Dass es auch Bourgeois bei ihrer Performance nicht um Verkleidungen, sondern um
den parodistischen Umgang mit dem Körper selbst (als Träger identitätsstiftender
Bedeutungen) geht, wurde durch ihre Konzentration auf Körperfragmente und Geschlechtsteile sichtbar, die bei ihr immer vieldeutig sind. Im Zentrum ihrer Auseinandersetzung steht meines Erachtens die Infragestellung einer gesellschaftlichen Praxis,
die das Individuum über sein Geschlecht definiert, es als männlich, weiß und heterosexuell voraussetzt, und jede Abweichung von der Norm bestraft.
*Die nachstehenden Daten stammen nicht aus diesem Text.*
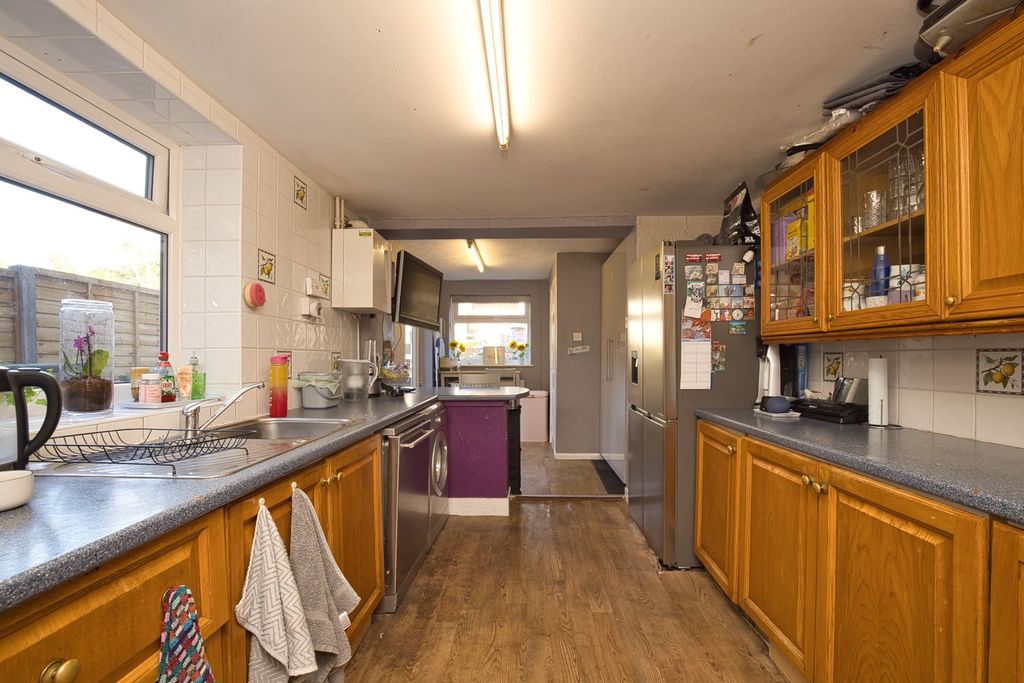 Property photo 3 of 19 Picture 3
Die Künstlerin
formuliert in ihren Werken jedoch keine neuen Möglichkeiten »weiblicher« Identität,
sondern fordert die Aufhebung und Verschiebung der patriarchalen, binären Geschlechtermodelle zugunsten einer Wahrnehmung des Subjekts, das in einem vielseitig sexuellen Körper aufgehoben ist. Bei Bourgeois' Körperbildern handelt es sich
folglich nicht um utopische, sondern um dekonstruktive Entwürfe, die sich einer
simplifizierenden Be-Deutung entziehen und damit offen bleiben.